1989 might be one of the best ever years for video game hardware. It had some duds like Atari’s infamous Lynx and Mattel’s memeable Power Glove NES add-on – but it was also the first Western release of the Sega Mega Drive and the debut year of one of the most famous and brilliant games machines ever made – the Game Boy.
That means the Game Boy is now thirty – just like me, and I can’t help but reflect. I have strong memories of lusting after the machine after seeing one that belonged to an Uncle. Later I got one of my own – in bright yellow, of course – and later still upgraded to the Game Boy Pocket, which I vividly remember getting thanks to the bundled copy of the recently remade Metroid 2, my first encounter with Samus Aran’s adventures at their most obtuse.
The Game Boy has since become a symbol of its era; if you make something referencing the nineties, you reach for the Game Boy as quickly as you’d feature a blockbuster video packed with VHS tapes. That’s just how it is. There’s a lot iconic about the Game Boy, too – that green hue, the chunky design, the endearingly simple sound chip. The same is true of games – Tetris is the Game Boy game, obviously, but Wario and Kirby made their debut here, and it’s home to a couple of the best-ever Zelda games. But, really, the most lasting legacy of the Game Boy is obvious: it’s Pokemon.

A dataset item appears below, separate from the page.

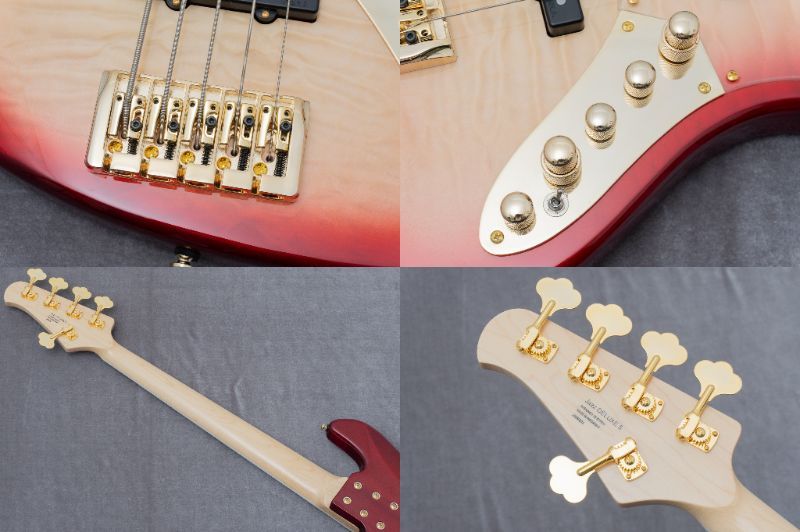 Swing Guitars Jazz Deluxe 5 Red Burst 4.53kg #25080033【GIB兵庫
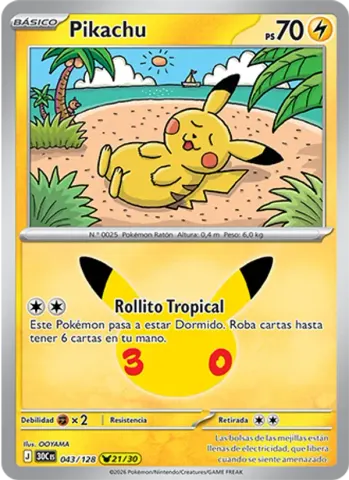 Pikachu · 043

With apologies for diving back into another personal anecdote, my memory of getting my hands on Pokemon Blue for the first time is incredibly vivid. My mother had been away somewhere, and returned with a gift from her travels. Knowing I probably would’ve found something interesting from wherever she’d been boring, she came back with a game that the sales assistant in some game shop abroad had told her was the hottest new release. At that stage, it wasn’t yet out in the UK. That was Pokemon Blue. Thank god for the Game Boy being region free.
There is something really special about going into a game blind, and it’s sadly something I don’t get to do very much any more thanks to my choice of career. It’s also something practically impossible to experience with Pokemon now; those who haven’t seen Pikachu or a Pokeball on Nintendo platforms have probably seen Ash’s adventures on TV, Ryan Reynolds’ turn as the mascot, or – most likely of all – they’re one of the millions of people who first encountered Pokemon through the screen of a mobile phone.
Pokemon is obviously something rather special, but it’s one of those games that I think was immeasurably enhanced by not really knowing very much about it. In today’s age of social media, every newly revealed Pokemon is celebrated and dissected within moments of being shown. In the late nineties, there was little of that, especially early on. Each new area in the game would provide a chance to encounter new creatures – critters that sent the imagination of a ten-year-old off on wild, brilliant tangents. By having so many creatures, Pokemon was more able to do that for me than almost any other game series.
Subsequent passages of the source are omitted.